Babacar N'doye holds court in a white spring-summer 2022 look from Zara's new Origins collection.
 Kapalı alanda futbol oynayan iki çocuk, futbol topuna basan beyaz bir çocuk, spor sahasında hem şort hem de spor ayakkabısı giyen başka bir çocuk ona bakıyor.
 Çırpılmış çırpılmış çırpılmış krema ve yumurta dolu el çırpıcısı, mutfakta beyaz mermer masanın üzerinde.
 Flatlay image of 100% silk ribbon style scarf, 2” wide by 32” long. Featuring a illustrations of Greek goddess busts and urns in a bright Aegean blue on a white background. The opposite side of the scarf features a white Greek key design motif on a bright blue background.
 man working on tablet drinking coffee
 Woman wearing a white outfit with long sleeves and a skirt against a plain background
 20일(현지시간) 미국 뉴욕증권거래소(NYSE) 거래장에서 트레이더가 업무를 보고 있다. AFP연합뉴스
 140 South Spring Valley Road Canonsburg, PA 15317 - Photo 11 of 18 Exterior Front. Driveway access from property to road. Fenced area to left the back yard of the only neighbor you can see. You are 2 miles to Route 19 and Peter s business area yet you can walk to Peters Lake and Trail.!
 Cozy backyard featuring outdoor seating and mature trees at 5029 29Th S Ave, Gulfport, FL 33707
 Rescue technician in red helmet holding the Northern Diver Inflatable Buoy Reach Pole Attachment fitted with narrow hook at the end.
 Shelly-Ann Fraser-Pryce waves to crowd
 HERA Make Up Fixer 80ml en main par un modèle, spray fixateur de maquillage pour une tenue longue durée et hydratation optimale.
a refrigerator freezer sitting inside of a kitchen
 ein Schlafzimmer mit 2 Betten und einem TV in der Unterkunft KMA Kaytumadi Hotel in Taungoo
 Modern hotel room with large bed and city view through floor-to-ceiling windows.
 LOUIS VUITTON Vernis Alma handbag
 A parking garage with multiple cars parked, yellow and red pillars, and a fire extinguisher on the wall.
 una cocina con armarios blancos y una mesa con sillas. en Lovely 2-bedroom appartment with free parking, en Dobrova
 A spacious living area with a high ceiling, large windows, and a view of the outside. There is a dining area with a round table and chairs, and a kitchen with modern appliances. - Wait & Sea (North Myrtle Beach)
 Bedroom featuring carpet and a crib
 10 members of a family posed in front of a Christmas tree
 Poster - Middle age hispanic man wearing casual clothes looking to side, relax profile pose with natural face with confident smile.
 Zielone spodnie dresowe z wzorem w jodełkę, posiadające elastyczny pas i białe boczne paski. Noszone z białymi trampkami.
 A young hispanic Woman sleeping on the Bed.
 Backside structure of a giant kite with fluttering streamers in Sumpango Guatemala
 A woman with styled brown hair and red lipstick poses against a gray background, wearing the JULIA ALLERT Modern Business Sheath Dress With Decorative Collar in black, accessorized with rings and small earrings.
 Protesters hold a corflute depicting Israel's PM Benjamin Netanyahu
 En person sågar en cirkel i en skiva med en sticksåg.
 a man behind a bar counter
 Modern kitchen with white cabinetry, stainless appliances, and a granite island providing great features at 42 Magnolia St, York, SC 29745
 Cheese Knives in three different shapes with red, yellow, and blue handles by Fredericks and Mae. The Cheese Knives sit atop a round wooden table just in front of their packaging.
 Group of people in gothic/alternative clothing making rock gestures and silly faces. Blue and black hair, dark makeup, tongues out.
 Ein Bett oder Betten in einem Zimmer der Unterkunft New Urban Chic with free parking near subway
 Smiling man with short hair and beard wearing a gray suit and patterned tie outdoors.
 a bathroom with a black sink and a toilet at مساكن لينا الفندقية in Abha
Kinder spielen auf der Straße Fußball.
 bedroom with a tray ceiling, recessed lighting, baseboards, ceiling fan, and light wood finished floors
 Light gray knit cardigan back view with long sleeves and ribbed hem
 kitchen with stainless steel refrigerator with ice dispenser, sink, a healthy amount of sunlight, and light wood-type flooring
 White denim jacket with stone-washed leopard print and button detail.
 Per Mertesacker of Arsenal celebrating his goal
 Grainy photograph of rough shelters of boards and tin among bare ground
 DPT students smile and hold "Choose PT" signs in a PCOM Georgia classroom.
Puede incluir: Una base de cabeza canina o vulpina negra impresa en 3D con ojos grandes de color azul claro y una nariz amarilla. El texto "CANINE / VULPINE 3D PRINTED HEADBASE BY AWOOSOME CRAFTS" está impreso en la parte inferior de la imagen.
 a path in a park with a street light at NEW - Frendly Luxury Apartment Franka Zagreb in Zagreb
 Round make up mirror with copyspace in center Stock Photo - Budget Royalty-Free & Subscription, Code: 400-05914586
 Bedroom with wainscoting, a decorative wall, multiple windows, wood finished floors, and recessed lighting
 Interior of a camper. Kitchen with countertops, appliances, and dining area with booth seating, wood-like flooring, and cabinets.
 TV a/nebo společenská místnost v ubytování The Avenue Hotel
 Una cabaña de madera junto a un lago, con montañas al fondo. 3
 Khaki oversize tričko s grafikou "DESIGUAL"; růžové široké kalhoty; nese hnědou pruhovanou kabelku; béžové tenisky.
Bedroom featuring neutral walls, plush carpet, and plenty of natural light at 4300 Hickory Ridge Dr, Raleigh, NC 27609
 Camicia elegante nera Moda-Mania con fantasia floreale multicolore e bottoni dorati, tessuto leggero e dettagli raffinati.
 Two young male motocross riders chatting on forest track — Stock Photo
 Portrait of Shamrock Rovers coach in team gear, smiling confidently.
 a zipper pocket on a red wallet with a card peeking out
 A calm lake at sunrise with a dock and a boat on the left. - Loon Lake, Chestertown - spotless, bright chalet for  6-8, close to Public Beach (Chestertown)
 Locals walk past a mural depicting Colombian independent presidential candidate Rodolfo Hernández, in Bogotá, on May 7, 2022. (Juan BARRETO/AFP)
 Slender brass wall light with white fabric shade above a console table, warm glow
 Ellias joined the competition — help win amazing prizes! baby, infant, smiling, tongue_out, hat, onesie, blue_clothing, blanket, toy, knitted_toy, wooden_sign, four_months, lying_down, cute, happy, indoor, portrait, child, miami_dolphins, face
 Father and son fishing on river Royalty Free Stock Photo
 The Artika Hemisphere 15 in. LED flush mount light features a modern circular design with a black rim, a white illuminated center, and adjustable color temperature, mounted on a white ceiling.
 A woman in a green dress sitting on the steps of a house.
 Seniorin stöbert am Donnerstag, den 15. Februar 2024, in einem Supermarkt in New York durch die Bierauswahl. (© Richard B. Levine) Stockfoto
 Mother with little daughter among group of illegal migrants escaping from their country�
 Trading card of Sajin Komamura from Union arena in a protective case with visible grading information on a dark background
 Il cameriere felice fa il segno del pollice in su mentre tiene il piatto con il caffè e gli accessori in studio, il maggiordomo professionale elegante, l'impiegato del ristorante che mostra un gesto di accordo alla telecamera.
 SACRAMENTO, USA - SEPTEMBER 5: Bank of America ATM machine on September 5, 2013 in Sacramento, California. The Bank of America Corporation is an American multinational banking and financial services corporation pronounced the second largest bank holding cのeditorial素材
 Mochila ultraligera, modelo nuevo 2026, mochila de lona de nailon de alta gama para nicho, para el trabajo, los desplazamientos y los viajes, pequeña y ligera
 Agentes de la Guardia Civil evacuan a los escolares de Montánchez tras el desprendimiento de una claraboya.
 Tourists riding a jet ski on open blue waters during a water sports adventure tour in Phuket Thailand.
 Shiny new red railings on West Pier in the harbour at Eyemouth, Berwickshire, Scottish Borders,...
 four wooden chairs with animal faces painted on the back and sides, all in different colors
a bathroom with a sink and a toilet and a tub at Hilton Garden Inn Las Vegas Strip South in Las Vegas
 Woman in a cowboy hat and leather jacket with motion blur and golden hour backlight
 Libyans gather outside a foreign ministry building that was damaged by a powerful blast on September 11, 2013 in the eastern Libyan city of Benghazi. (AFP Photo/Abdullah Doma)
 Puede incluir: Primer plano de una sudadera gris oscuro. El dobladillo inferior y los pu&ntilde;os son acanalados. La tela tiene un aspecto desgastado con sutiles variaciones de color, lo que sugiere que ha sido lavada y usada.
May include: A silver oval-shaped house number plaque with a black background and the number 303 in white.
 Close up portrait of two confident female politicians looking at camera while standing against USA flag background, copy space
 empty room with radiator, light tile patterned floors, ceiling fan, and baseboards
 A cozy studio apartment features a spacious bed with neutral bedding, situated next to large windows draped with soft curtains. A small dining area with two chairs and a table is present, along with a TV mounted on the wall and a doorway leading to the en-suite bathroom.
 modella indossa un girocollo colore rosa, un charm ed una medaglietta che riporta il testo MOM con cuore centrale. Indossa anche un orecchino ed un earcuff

════════

TASK PROMPT: Each line between the start of the listing above and the line containing "20일(현지시간) 미국 뉴욕증권거래소(NYSE)", with both ends counted, is to be set down unchanged.

EXPECTED ANSWER:
Babacar N'doye holds court in a white spring-summer 2022 look from Zara's new Origins collection.
 Kapalı alanda futbol oynayan iki çocuk, futbol topuna basan beyaz bir çocuk, spor sahasında hem şort hem de spor ayakkabısı giyen başka bir çocuk ona bakıyor.
 Çırpılmış çırpılmış çırpılmış krema ve yumurta dolu el çırpıcısı, mutfakta beyaz mermer masanın üzerinde.
 Flatlay image of 100% silk ribbon style scarf, 2” wide by 32” long. Featuring a illustrations of Greek goddess busts and urns in a bright Aegean blue on a white background. The opposite side of the scarf features a white Greek key design motif on a bright blue background.
 man working on tablet drinking coffee
 Woman wearing a white outfit with long sleeves and a skirt against a plain background
 20일(현지시간) 미국 뉴욕증권거래소(NYSE) 거래장에서 트레이더가 업무를 보고 있다. AFP연합뉴스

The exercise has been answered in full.